I am glad that you changed your mind and saved me and a mod the trouble of deleting you.
What is fun about being off topic for the sake of being off topic?

.,,


----------



## rhiannonhelen

Maybe they do it for the same reason people start threads for the sake of starting a thread!


----------



## curly

. said:


> I am glad that you changed your mind and saved me and a mod the trouble of deleting you.
> What is fun about being off topic for the sake of being off topic?
> 
> .,,


It's much the same as being that idiot in class that shouts "fart" when the teacher's back is turned.


----------



## .   1

curly said:


> It's much the same as being that idiot in class that shouts "fart" when the teacher's back is turned.


I still don't get it.
Why is that fun?

.,,


----------



## curly

Nor do I, but apparently it is.


----------



## belén

Well, this may be off topic but as a mod (with feelings), allow me to share with you that I can't stand it when a forero posts something off topic but says in the same post "this is going to be deleted by a mod but...blablabla offtopic offtopic"

Because, of course, we'll delete it, but I get the feeling the forero is saying to his friends "See! I told you!" and I also think "but..whyyyy, why did you do it ??" 

I don't know if it's the thrill of doing something you know is wrong or what, but it really gets me on my nerves!!

Be


----------



## liulia

. said:


> G'day Cultur@s,
> 
> Why do some folks insist on replying to obviously off topic posts?
> 
> .,,



Well, sometimes they're funny, even though they are off topic, and it seems a shame (and a bit stodgy!) to ignore them, resist applauding their wit,  and not admit to being amused, simply because of a rule. 
And when they are really, really funny and trigger a funny response...well, it's really hard to resist! Personally, I have been very good, but that's mostly because as a recent member I have not been bold enough to break rules very often!


----------



## SaritaSarang

I think sometimes off topic things are taken too seriously. Someone may post a short comment, that was amusing or informative (but not on topic) and I don't see the need to delete them all.  I can see deleting offensive or rude things, but other than that whats the harm in leaving it?


----------



## alexacohen

Hello:
The first time I had one of my posts deleted as "off topic" I didn't understand why. Because I sincerely believed it was "on topic". Obviously the mod didn't think the same!
So maybe there are times when people don't realize, as I didn't realize, that they've wandered "off topic".
Alexa


----------



## belén

SaritaSarang said:


> I think sometimes off topic things are taken too seriously. Someone may post a short comment, that was amusing or informative (but not on topic) and I don't see the need to delete them all.  I can see deleting offensive or rude things, but other than that whats the harm in leaving it?

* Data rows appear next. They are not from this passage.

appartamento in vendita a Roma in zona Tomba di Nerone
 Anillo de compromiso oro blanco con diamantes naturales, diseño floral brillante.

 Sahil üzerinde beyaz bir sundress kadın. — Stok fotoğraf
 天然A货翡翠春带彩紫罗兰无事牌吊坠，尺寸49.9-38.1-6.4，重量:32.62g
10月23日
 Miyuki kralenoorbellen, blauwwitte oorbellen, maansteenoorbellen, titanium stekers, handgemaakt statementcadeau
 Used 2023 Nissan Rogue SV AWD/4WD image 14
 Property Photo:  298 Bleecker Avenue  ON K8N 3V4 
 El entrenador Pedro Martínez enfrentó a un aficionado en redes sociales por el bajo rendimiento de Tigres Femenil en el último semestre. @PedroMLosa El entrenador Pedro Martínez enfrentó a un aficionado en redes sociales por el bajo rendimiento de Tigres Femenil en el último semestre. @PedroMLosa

When the forums started, we didn't have the off topic rule, it was something that came up when the forums "grew up" and "matured" 
Sometimes, one of the old threads is revived and I realize that, even if I have participated in it as a forero, believe me, it's a pain having to read through 30 chatty posts  to get to the point of the thread. 

I am really happy that we took this decission, it has really made the place a special one, I don't pretend to sound corporative,  I really think it's one of the reasons this is a great forum. Of course, sometimes people may feel frustrated because they posted a brilliant comment and it was deleted, but I think it's worth sacrificing it for the sake of quality.


----------



## maxiogee

As cuchuflete would undoubtedly say: 
"Where's your proof that people _insist_ on doing this. This is an unsubstantiated and alarmist assertion - probably involving Martians - and your evidence is less than scant,. to say the least."​


----------



## panjandrum

Often a short comment that is amusing or informative, but not directly on topic, is not deleted.  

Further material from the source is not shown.